Task requirements –
Look through the entries below for the line with "The North Face" and the line with "Троллейбус в городе", then give again exactly those two lines and all lines between them, minus the pictures.

Provided information –
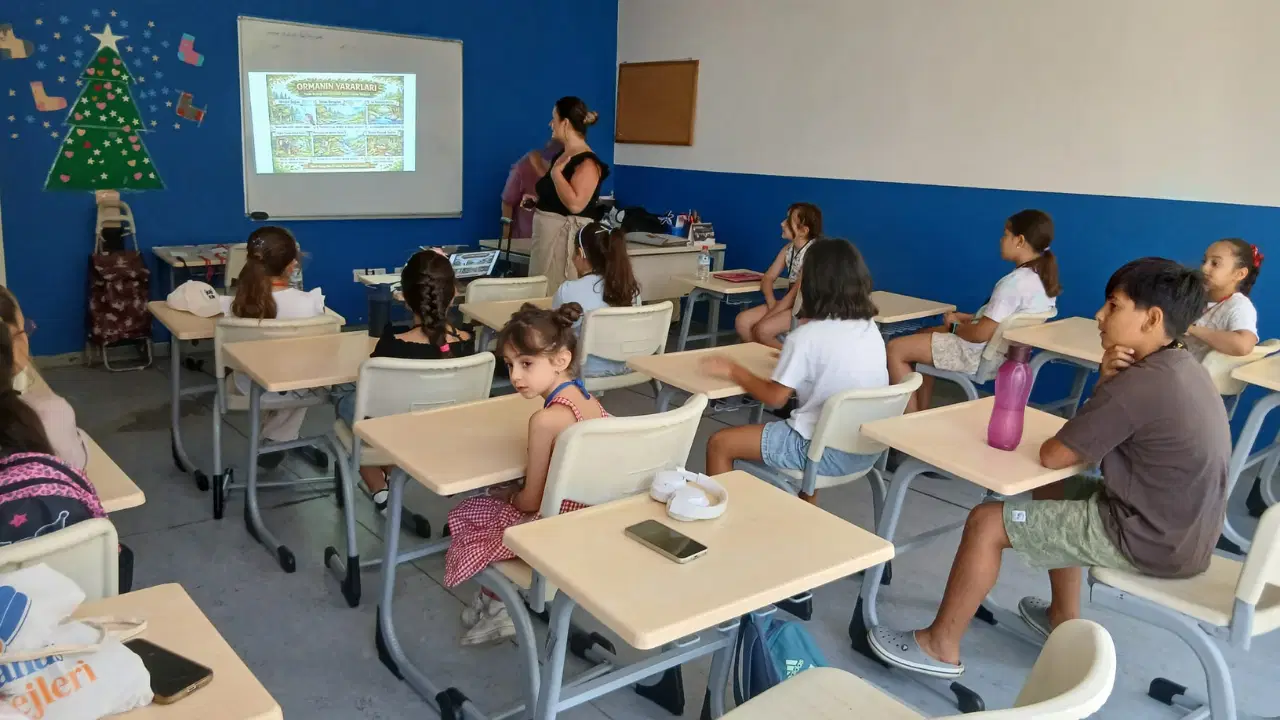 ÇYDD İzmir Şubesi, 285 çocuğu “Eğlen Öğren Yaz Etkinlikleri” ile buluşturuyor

* * *

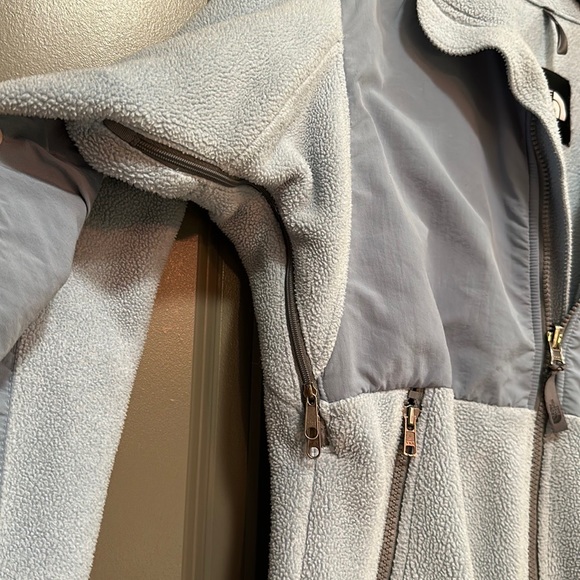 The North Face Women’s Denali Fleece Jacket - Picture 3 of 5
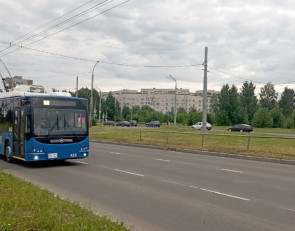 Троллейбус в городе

--

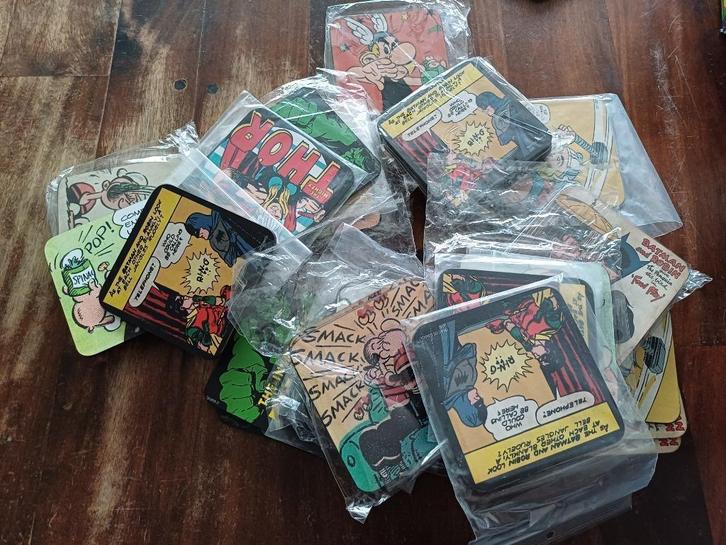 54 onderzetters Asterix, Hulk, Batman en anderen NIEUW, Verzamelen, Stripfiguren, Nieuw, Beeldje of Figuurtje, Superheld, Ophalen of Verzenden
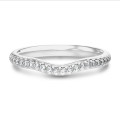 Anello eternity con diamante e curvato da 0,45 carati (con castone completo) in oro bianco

Exercise response –
 The North Face Women’s Denali Fleece Jacket - Picture 3 of 5
 Троллейбус в городе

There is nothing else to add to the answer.